Gönül isterdi ama her galerinin ille de ses getiren sergiler açması mümkün değil. Bakış açıları farklı galerilerin sanat ortamını zenginleştirdiğine de inanırım. Ancak hafta içinde karşılaştığım durum bununla izah edilir gibi değil.
Uluslararası Plastik Sanatlar Derneği yayınladığı bir bildiri ile Şirket-i Hayriye Sanat Galerisi’ni protesto ettiğini duyurdu.
Konu, galerinin sanatçıları grup sergisine davet eden metni.
Ülkü Cılızoğlu imzası ile gönderilen e-mail gerçekten evlere şenlik. Bakın UPSD davet metnini nasıl özetliyor:
“Denizcilik İşletmelerinin Kadıköy’de bulunan Şirket-i Hayriye Galerisi’nin 22 Mart 2011’de yaptığı ‘Sergi Katılım Daveti Rengarenk Karma Sergisi’ başlıklı sergi çağrısının metninde şu ibare kullanılmıştır:
‘SANATÇILAR SERBEST KONU NÜ DIŞNDA RESİMLERİ İLE KATILABİLİRLER’
Türkçe imla hataları eşliğinde gelen bu düşük cümle, anladığımız kadarıyla sanatçılara, onları bu grup sergisine davet ederken şu şartı getirmektedir: İstediğiniz konuyu serbestçe işleyebilirsiniz ancak nü-çıplak konular işleyen resimlerle bu sergiye katılamazsınız. Adına ‘serbest’ denen bir sergi çağrısında insan vücudunu gösterilmemesi gereken ayıp-günah-yasaklı konu olarak gören bir zihniyetin Türkiye’de ‘galericilik’ yapıyor olmasını kınıyoruz.”
Dernek sadece durumu kınamakla kalmıyor üyelerini de galeriyi boykot etmeye çağırıyor.
Nerede bugün yönettiği galeride ‘nü’ resim sergilemekten imtina eden yöneticiler, nerede Gustave Courbet’ye yaklaşık 150 yıl önce ‘Dünyanın Kökeni’ni ısmarlayan Halil Şerif Paşa...
Dokunan yanıyor
Ahmet Şık’ın ‘İmamın Askerleri’ kitabını yazdığı için Ergenekon’dan gözaltına alınırken söylediği “Dokunan yanıyor” sözlerinin doğruluğu, İthaki Yayınevi’nin ve Radikal Gazetesi’nin basılmasından sonra kanıtlanmış oldu.
Bu durum bana neyi hatırlattı biliyor musunuz?
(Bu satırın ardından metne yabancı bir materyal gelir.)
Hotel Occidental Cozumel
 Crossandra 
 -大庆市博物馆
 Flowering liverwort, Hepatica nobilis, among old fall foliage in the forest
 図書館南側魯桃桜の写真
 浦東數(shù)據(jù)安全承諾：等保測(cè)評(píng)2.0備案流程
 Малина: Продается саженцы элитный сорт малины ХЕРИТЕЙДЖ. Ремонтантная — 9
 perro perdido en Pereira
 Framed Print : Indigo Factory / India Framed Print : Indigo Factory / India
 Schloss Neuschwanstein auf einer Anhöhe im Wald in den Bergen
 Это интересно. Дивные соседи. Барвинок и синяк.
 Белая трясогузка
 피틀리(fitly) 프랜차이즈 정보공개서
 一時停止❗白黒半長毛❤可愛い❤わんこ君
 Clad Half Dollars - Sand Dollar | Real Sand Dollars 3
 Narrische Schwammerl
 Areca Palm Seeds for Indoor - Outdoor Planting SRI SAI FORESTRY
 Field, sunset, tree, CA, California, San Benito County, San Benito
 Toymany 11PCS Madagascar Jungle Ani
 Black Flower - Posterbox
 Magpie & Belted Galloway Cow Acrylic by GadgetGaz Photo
Umberto Eco’nun ‘Gülün Adı’ romanındaki zehirli kitabı. Kuzey İtalya’da bir manastırdaki kütüphanede bulunan ve sayfaları çeviren, yani dokunan herkesin öldüğü kitabı.
Kitabın yazarını ve adını hatırlayan var mı?
Aristoteles’in Poetika’sı
değil mi...
Mantık ve bilgiyle
metafiziğin karşıtlığı üzerinden Hıristiyan tarikatların çarpışmasından kaynaklanıyordu bütün problem.